Jacksonville sheriff candidates Burton, Waters face off in final scheduled debate

The two remaining candidates vying to become Jacksonville’s next sheriff faced off in a debate Thursday night. It was the final scheduled sheriff’s debate involving Democrat Lakesha Burton and Republican T.K. Waters before the November election.

JACKSONVILLE, Fla. – The two remaining candidates vying to become Jacksonville’s next sheriff faced off in a debate Thursday night. It was the final scheduled sheriff’s debate involving Democrat Lakesha Burton and Republican T.K. Waters before the November election.

The debate was hosted by Jacksonville Today and the Jacksonville Bar Association.

It was different than the primary debate, which included five candidates — and not many direct attacks. This time, the two candidates took jabs at each other’s records.

Burton said a vote for Waters is a continuation of the Mike Williams era, during which, she said, the city recorded a considerable number of murdered teenagers.

“We can’t allow our opponent to have four more years. He just had seven years,” Burton said. “If he’s not willing to change his approach, we’re just going to get the same old, same old. And I’m sick of it.”

Waters defended his record as chief of investigations for the Jacksonville Sheriff’s Office and a program he had that involved knocking on the doors of what he called “trigger pullers” and working with them on turning from a life of violence.

“She came to my office one day, about what we were doing, how we could help her in Zone 2. She did not even understand what the concept was and what we were doing,” Waters said.

News4JAX spoke with both candidates about the shift of tone in the campaign.

“I want to make sure voters know there’s a clear contrast, saying there’s a change, so I wanted to make sure people knew what that change was,” Burton said.

“We’re hugely different. We don’t even think the same about crime stuff. She was a part of the same staff I was,” Waters said. “It’s a difficult job. Not easy. If it was, anyone could do it. But we are working in the right direction. Have a lot of work to do.”

Waters is portraying himself as a man who’s worked in every facet of policing and someone who’s extremely qualified.

“I don’t quit, I never quit,” Waters said. “Our communities expect us to continue to work. I’m passionate about these issues because I’ve worked in it for so long.”

Burton says crime has been bad during Williams’ time as sheriff, and she says that would continue under Waters.

“We have a violent crime problem. My opponent has had the most money, the people and the technology. We can not continue to arrest our way out of the issue,” Burton said.

One group that attended the debate was the anti-crime group MAD DADS. The group is not endorsing a candidate, but hopes to see a drop in violent crime after a candidate is selected.

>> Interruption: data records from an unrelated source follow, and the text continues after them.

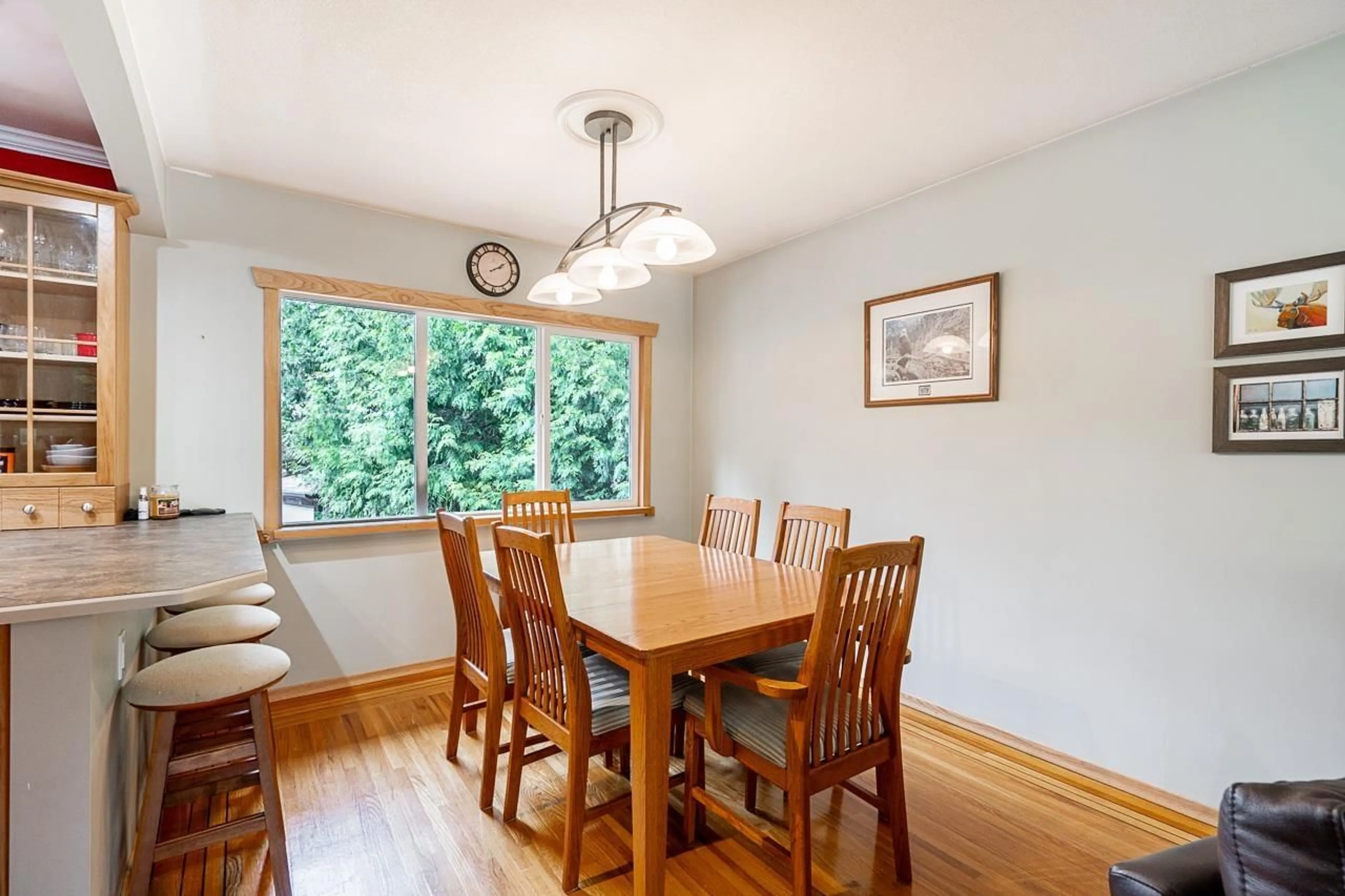 Dining room, wood/laminate floor for 11299 150TH STREET, Surrey British Columbia V3R4E1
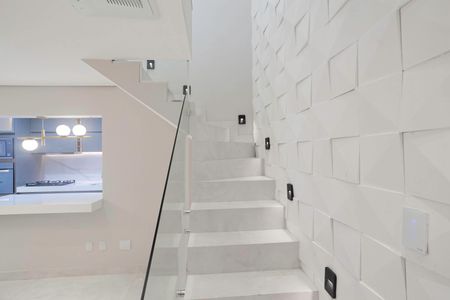 Apartamento à venda com 169m², 3 quartos e 3 vagas Apartamento à venda com 169m², 3 quartos e 3 vagasEscada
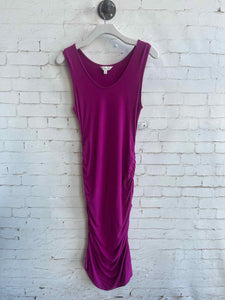 Ripe Magenta Size MED CS Dresses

“We really want to see a reduction in crime across the board, whether it’s rape, robbery, stealing guns out of cars — but the murder, we’re already over 100 homicides for the year,” said AJ Jordan with MAD DADS.

The election next March will decide who becomes sheriff for the next four years. The winner in the November general election is eligible to run again in the March election -- and then again after the four-year term.